> Data for this task:
+ + + + + + +

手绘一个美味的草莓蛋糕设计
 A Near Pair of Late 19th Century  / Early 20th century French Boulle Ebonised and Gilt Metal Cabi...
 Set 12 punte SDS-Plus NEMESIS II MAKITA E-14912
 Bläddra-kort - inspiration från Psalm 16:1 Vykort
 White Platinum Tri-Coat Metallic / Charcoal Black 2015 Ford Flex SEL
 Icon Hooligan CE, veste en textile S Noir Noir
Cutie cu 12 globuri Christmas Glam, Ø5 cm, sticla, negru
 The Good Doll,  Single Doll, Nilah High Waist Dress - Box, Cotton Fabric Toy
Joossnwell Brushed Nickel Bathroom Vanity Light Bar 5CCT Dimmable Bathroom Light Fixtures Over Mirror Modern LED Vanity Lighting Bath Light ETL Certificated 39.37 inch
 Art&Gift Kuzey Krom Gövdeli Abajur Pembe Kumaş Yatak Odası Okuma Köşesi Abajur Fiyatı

+ + + + + + +

> Your goal: The answer must consist solely of the lines from the first line of the data to the line holding "Icon Hooligan CE, veste", each given again exactly.

> Response below:
手绘一个美味的草莓蛋糕设计
 A Near Pair of Late 19th Century  / Early 20th century French Boulle Ebonised and Gilt Metal Cabi...
 Set 12 punte SDS-Plus NEMESIS II MAKITA E-14912
 Bläddra-kort - inspiration från Psalm 16:1 Vykort
 White Platinum Tri-Coat Metallic / Charcoal Black 2015 Ford Flex SEL
 Icon Hooligan CE, veste en textile S Noir Noir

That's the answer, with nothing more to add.